Hibiscus syriacus

Rose of Sharon - Hibiscus syriacus
Rose of Sharon – Hibiscus syriacus

Rose of Sharon

If you are looking for a cold tolerant hibiscus, this is the one. Hibiscus syriacus is a deciduous hibiscus that will grow 6 – 12′ depending on conditions.

This is a fairly upright shrub with a tidy habit, easy to prune and long flowering. It attracts bees to the garden when in bloom and a great habitat for small birds.

Commonly called the Rose of Sharon is a bushy flowering shrub, we look at pruning and growing tips. Also known as the “althaea” or “althea,”the botanical name is Hibiscus syriacus

The species itself is Native to China, pink flowering with a red centre, flowering will begin in early summer and continue through until fall.

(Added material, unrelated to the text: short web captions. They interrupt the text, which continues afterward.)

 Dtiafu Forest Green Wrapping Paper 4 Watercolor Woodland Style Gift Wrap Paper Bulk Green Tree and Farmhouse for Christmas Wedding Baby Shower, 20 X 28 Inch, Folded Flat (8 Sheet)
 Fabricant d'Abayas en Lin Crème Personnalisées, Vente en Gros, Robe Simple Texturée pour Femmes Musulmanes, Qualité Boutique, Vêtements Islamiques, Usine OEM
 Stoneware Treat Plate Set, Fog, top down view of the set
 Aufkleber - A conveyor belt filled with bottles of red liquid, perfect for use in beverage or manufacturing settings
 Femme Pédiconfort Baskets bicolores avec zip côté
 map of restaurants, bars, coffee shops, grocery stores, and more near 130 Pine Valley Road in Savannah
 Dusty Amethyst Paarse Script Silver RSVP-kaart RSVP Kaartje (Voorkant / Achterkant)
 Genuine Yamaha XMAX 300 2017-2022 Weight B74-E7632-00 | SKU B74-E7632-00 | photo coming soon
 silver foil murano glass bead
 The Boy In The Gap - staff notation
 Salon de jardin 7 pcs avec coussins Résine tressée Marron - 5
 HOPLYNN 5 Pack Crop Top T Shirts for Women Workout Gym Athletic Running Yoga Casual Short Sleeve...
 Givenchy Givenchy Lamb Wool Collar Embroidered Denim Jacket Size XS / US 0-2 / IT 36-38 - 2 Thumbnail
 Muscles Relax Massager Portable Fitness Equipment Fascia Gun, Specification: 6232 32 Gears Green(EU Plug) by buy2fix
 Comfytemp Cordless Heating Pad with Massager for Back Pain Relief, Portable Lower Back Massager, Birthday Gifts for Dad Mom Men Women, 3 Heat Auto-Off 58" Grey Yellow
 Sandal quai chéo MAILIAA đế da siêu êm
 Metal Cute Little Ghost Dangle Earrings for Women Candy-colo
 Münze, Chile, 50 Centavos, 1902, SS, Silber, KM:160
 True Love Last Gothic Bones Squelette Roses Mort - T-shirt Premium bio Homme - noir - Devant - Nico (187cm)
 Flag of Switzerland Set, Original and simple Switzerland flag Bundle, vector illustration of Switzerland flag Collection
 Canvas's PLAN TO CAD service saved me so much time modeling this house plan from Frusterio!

This is a deciduous shrub that belongs to the Malvaceae family and is not related to the rose family. It does have very attractive flowers and although the shrub itself can reach 12 ft in height it is very easy to prune to around half of that height.

It is the named cultivars that are the varieties most often grown, and many of these are smaller growing the the species itself.

When in bloom you will find flower colours from the lilac blues, through to reds and whites. Both single and double flowering types are available. One of the popular cultivars that are available include ‘Red Ensigne’, (see picture right).

In our mind one of the most attractive frost hardy hibiscus. White flowers with contrasting deep magenta red centres. Easily pruned and can be grown as a standard.

Foliage is a mid to light green with the leaves deeply lobed.
Excellent as a ‘stand alone shrub’ or grown towards the rear of the garden border. As it prunes easily this is a plant that can also be used as a hedge.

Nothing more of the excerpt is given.